Mario Szichman
“La historia nunca se repite.
El hombre siempre lo hace”.
Voltaire
Pese a su pecaminosa fama, Historia
de mi vida, la autobiografía de Giacomo Casanova, el libertino más famoso
de todos los tiempos, no es tan escandalosa como se presume. Un filme
pornográfico de cinco minutos de duración describe más escenas eróticas que los
doce volúmenes de esas memorias, estupendos testimonios de una época. Casanova
(1725-1798), fue testigo de muchos eventos importantes de la historia europea
de mediados del siglo dieciocho.
Las profesiones de Casanova fueron tan variadas como sus romances, las
amistades que cultivó, o las capitales que visitó o en que vivió. Fue
sacerdote, escritor, soldado, espía y diplomático. Y cuando las cosas se le
pusieran muy feas, se hizo pasar por el caballero de Seingalt para eludir acreedores, maridos celosos, o los
acosos de nobles y monarcas.
Las enciclopedias nos informan que estuvo al servicio de un cardenal de la
iglesia católica en Venecia, su sitio de origen; fue violinista, luego se unió
a los masones en Lyon, Francia, y viajó a París, Dresde, Praga y Viena. Cuando
retornó a Venecia, en 1755, fue acusado de ser brujo y hechicero, algo que no
le agradaba a las autoridades eclesiásticas, y condenado a cinco años de cárcel
en las prisiones de Piombi, en el palacio ducal de Venecia. Se fugó de la
mazmorra un año más tarde, en 1756,
buscó refugio en París, y un año más tarde introdujo oficialmente en la capital
francesa el juego de la lotería. Mediante intrigas financieras y amorosas,
accedió a los más altos círculos de la aristocracia francesa.

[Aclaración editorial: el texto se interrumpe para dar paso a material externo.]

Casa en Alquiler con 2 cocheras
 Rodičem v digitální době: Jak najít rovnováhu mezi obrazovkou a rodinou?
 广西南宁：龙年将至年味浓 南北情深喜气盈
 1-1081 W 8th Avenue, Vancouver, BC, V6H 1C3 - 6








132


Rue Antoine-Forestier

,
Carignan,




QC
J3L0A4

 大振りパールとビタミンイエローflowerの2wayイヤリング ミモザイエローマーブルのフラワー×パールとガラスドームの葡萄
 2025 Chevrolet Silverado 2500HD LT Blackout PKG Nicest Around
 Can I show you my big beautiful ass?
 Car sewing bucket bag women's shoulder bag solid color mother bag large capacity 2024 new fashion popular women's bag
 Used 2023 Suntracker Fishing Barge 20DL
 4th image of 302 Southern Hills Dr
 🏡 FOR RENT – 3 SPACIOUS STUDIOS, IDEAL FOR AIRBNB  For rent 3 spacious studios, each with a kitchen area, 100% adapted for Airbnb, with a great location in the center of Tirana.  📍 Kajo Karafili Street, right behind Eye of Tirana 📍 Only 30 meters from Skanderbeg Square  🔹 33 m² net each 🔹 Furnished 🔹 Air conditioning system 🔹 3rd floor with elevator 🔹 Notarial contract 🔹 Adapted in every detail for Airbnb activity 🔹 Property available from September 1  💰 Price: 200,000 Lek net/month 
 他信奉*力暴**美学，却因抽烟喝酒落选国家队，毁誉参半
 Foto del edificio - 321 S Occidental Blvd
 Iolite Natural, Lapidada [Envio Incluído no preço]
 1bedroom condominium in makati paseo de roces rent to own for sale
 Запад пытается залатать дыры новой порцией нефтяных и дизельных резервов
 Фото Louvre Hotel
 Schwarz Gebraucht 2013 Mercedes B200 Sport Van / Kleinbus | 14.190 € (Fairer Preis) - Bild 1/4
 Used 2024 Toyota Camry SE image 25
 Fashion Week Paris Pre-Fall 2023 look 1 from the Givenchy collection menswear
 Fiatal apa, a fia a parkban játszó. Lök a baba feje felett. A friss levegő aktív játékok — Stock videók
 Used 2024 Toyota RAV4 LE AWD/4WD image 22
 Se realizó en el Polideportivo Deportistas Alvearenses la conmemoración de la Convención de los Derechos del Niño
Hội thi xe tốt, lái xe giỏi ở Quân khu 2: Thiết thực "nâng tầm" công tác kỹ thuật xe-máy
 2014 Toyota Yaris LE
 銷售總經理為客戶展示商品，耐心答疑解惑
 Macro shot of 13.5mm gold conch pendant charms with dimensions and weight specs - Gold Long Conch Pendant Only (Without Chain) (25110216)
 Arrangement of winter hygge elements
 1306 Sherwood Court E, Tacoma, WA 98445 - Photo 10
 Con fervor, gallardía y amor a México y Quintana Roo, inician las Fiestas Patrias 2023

En 1760 huyó de París, perseguido por sus acreedores, viajó al sur de
Alemania, a Suiza, donde conoció a Voltaire, a Saboya, al sur de Francia, a
Florencia y a Roma. También visitó Londres por algunas semanas. Pese a su mala
–o buena– fama como libertino y perpetuo insolvente, siempre encontró favor con
los poderosos. En 1764, en Berlín, Federico Segundo de Prusia, uno de los
grandes monarcas de Europa, le ofreció trabajo. Casanova agradeció la oferta,
pero prefirió recorrer algunas capitales de Europa oriental, como Riga, San
Petersburgo y Varsovia. Tras un escándalo en Varsovia, seguido de un duelo,
Casanova buscó refugio en España. Cuando le permitieron regresar a Venecia, en
1774, trabajó como espía para los inquisidores del estado. Sus memorias las
escribió en los años finales de su vida (1785-1798) en Bohemia, lo que es hoy
la República Checa, mientras se ganaba la vida como bibliotecario del conde von
Waldstein, en el castillo de Dux. (Un detalle curioso: creía que no existía
mejor pizza en el mundo que la veneciana).
Su saber era enciclopédico, y hablaba la mayoría de las lenguas europeas.
Muchos críticos aseguran que su traducción de La Ilíada del griego al italiano es excelente. Pero su monumento
literario es Historia de mi vida,
publicada en Francia, tres décadas después de su muerte.
Varios episodios resultan interesantes de su visita a España, especialmente
las relacionadas con el Santo Oficio, más conocido como La Inquisición.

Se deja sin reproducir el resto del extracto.